• _What the task asks_
From the material below, please set down exactly the lines starting with the one with "Gioseppo Woman 20s [upl. by Zampino]" and going on through the one with "Honorius Quotes By Tim Brown Honorius", without a single picture.

• _Source data_
-.-.-

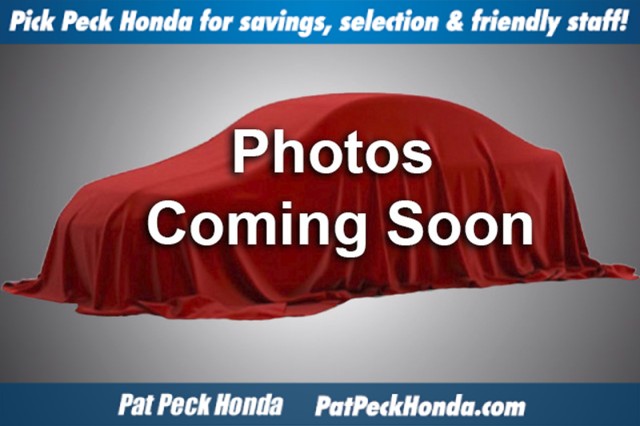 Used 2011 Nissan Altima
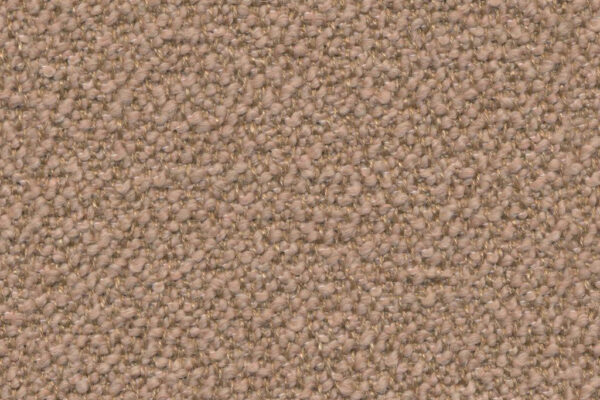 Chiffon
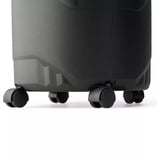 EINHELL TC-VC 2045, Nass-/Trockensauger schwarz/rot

-.-.-

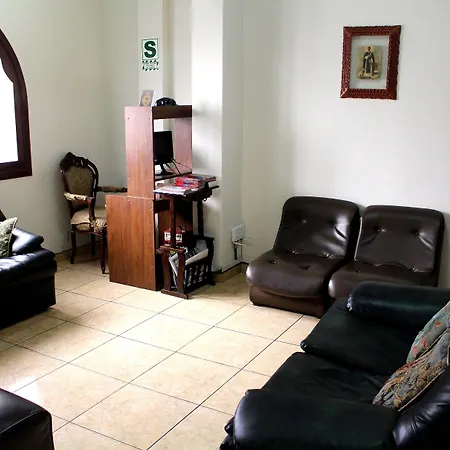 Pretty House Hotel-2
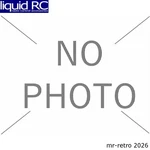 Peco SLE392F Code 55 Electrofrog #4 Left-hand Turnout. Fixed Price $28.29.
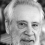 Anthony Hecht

-.-.-

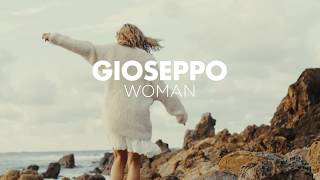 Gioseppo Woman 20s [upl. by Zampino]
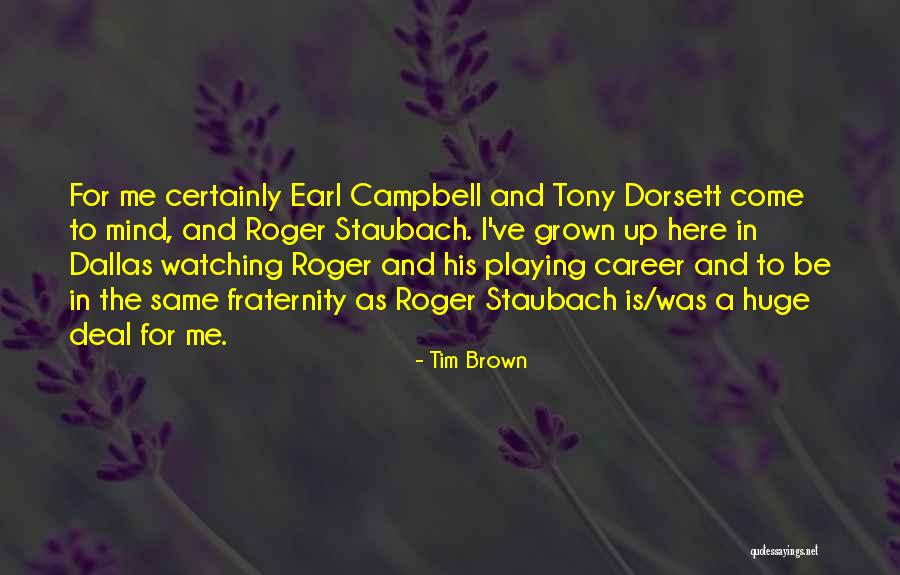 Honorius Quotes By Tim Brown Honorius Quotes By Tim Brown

-.-.-

• _Solution to this problem_
 Gioseppo Woman 20s [upl. by Zampino]
 Honorius Quotes By Tim Brown Honorius Quotes By Tim Brown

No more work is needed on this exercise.